Developed nations have so far pledged sanctuary to just 104,000 Syrian refugees. Now there are calls for a similar scheme to the Indochina resettlement programme to stop Syrians and others risking their lives on boats in the Mediterranean.
François Crépeau, the United Nations Special Rapporteur for migrants’ rights, is calling on countries in Europe, and other rich nations, to find homes for one million refugees over five years through an organised and fair quota system.
“We can do it – we did it for the Indochinese 30 years ago, we can do it now,” he told The Independent on Sunday. “There is not this eagerness to do the right thing that there was at that time, but states could say that it is our responsibility and have the moral leadership and the political courage… They can make the case, taking the risk of losing [votes], but taking a stand and telling the population, ‘It’s not necessarily easy, it’s not necessarily what you want, but it’s what you have to do.’”
So far, only Germany and Sweden have stood up to rising anti-immigrant forces within their countries and launched significant resettlement programmes for Syrians.
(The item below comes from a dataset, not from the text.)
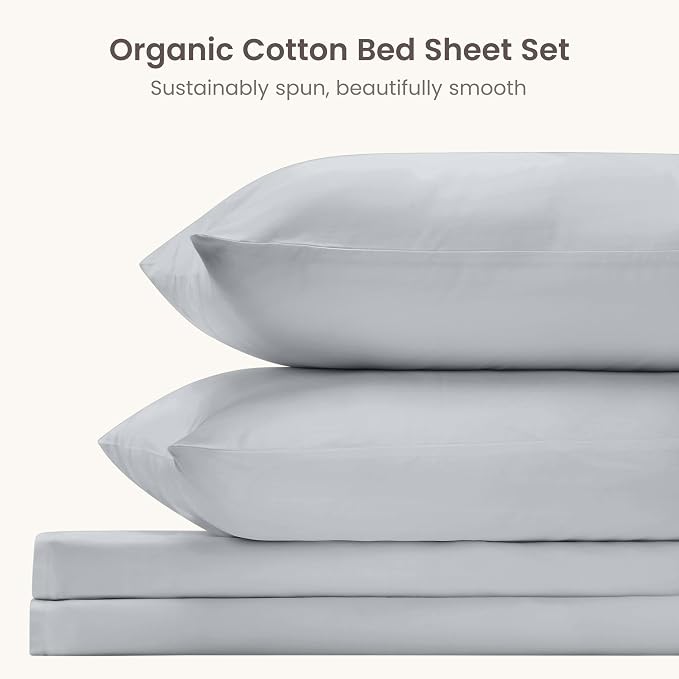 BIOWEAVES 100% Organic Cotton Sheets, 300 Thread Count 4-Piece GOTS Certified Bed Sheet Set Fits Mattress Upto 17" Deep Pocket, Soft & Silky Sateen Weave (Full, Glacier Gray)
The response of the rest of Europe has been derided by human rights experts, with Britain being singled out for its reaction. Despite a pledge from David Cameron one year ago that the Government would respond with “urgency”, only 90 Syrian refugees have been offered sanctuary.
Jan Shaw, Amnesty International UK’s refugee expert, said: “The Syrian refugee crisis has been called the most pressing humanitarian disaster of our time, yet the response by the international community has, with very few exceptions, been pitiful. You only need to look to the history books to see how nations working together can be effective in alleviating these crises. How many more Vietnamese or Kosovars would have been killed, tortured or raped if the international community hadn’t come together to offer them safety?”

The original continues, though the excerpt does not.